Performing music through my youth was a formative endeavor. It required learning an entirely new language (music), the value of practice, and coordinating with others. My young band days were filled with many traditional band favorites and challenging classical pieces. The director, tall on the podium, would lead us through various tempos or dynamics of how loud and soft we played. With the music memorized more than not as the year progressed, the director was a focus of attention that provided confidence and a rallying cry to perform well.
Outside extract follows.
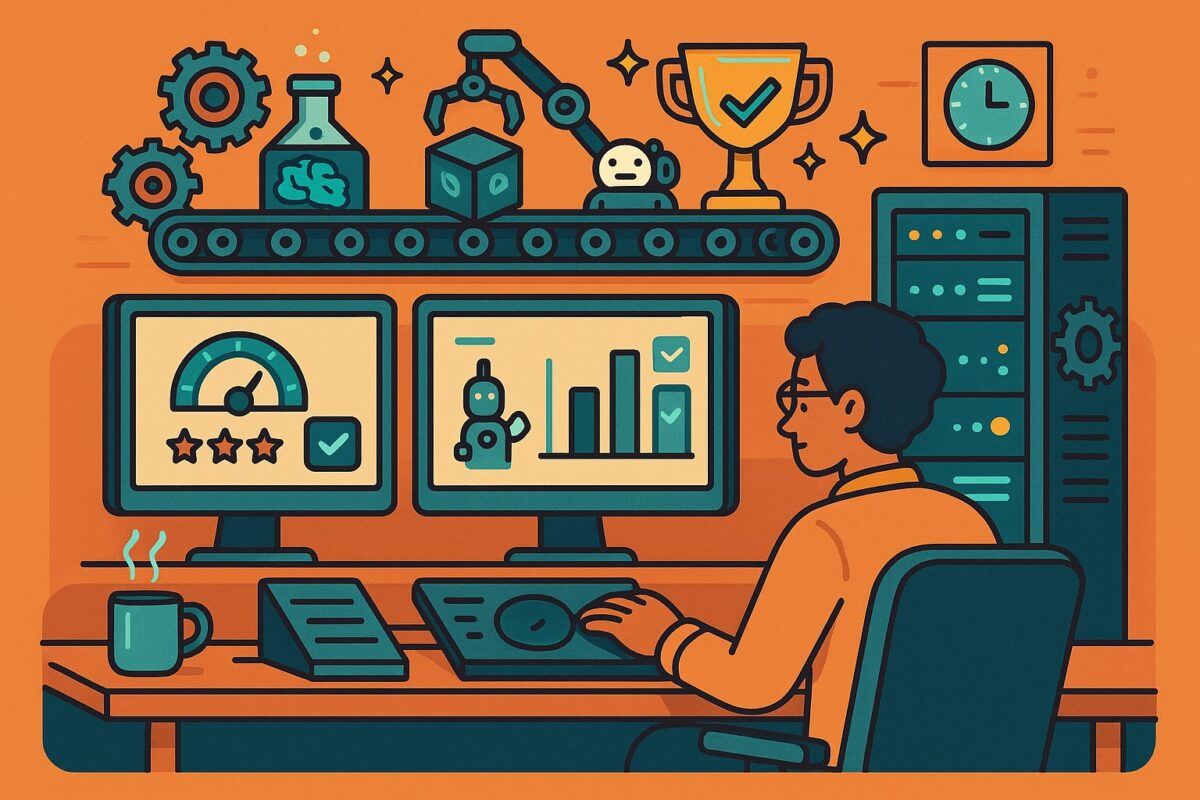How to Develop Powerful Internal LLM Benchmarks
One summer at a music camp, I impulsively signed up for a jazz class. I never had taken jazz, and figured there was nothing to lose by trying an art form that I had never played before. If I was going to look like a dork, well, a 2-week camp is the best place to do it as the friends formed during that time likely would dissipate quickly. The director was a quiet man, his name being Mr. Zalinski or something like that. He spoke quietly, moved with ease, and led us through all sorts of rhythmic interplay that was it was all new and foreign. His body was jazz, and I learned a new way to follow. Between being a stranger to the form of music, the director’s ease, and the willingness to take risks playing with other people that I was not self-conscious with, I found myself enjoying it.
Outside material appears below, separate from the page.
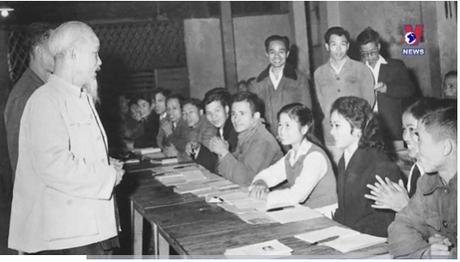 Học Bác mỗi ngày: Bác Hồ với đạo đức cách mạng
To my surprise, I was selected to have a solo, ad-lib part, for the performance at the last day of camp. The ante was upped for me in my learning. A remarkable thing happened a few days before our performance. The director started us playing the music and then, just a few bars into the song, drifted to the side. I was lost! I had relied on seeing him there, to direct us, as he snapped his fingers and gave us subtle direction. He stopped us before long, asking why we fell apart. “Well, you walked away from your place in front of us!” we exclaimed. “You don’t need me anymore, other than to get you started. I’ve been following all of you for the past couple of days with my directing. Jazz is about listening to each other, and performing the music the way it feels right in the moment.”
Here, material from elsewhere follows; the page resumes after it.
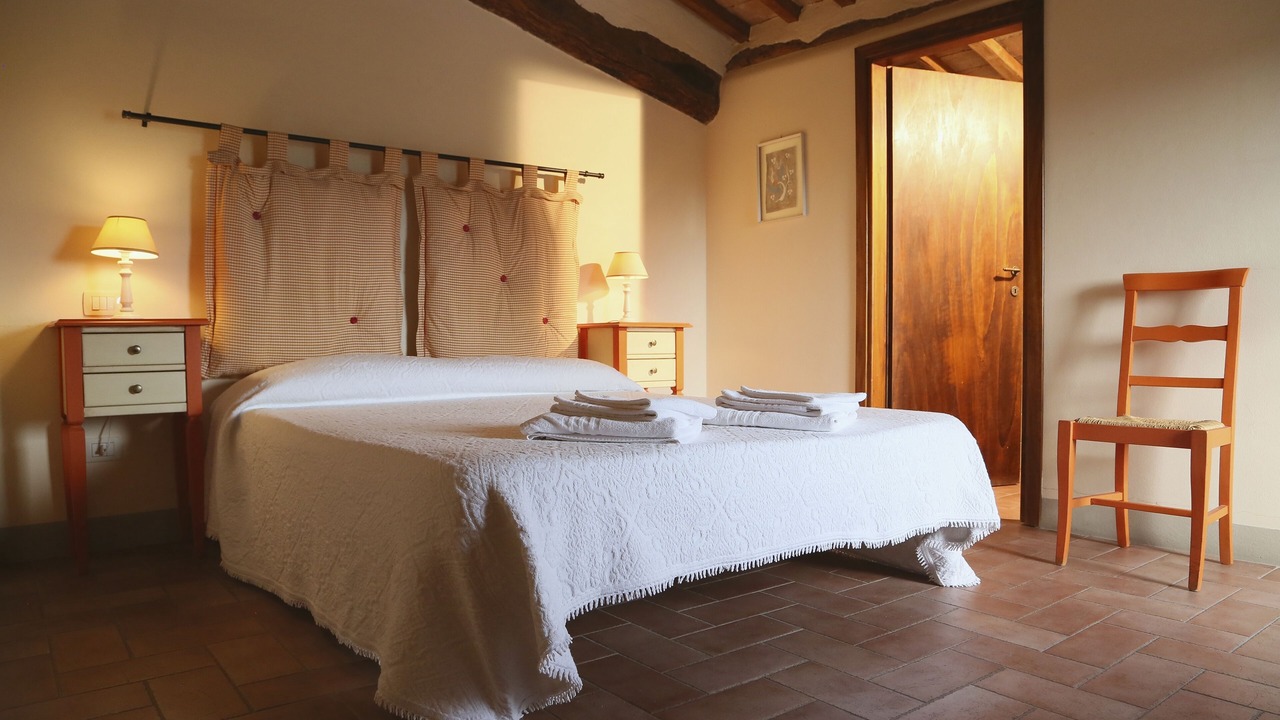 Photo of Bedroom in Citta di Castello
I was dumbfounded. Had he really been letting us lead? When the performance came, he did the same thing, standing off to the corner of the stage while a group of high school kids set their own rhythms and variations on the music. As for my solo, I felt confident in the band behind me, even more than in myself, lost in my adolescent fears. But they were there behind me, supporting me for that minute of solo improvisation. I don’t remember at all what I played. But I still recall the sense of a group leading themselves. Thanks, Mr. Zalinski, for teaching a different manner of leading, and a different manner of following in an ensemble of specialists.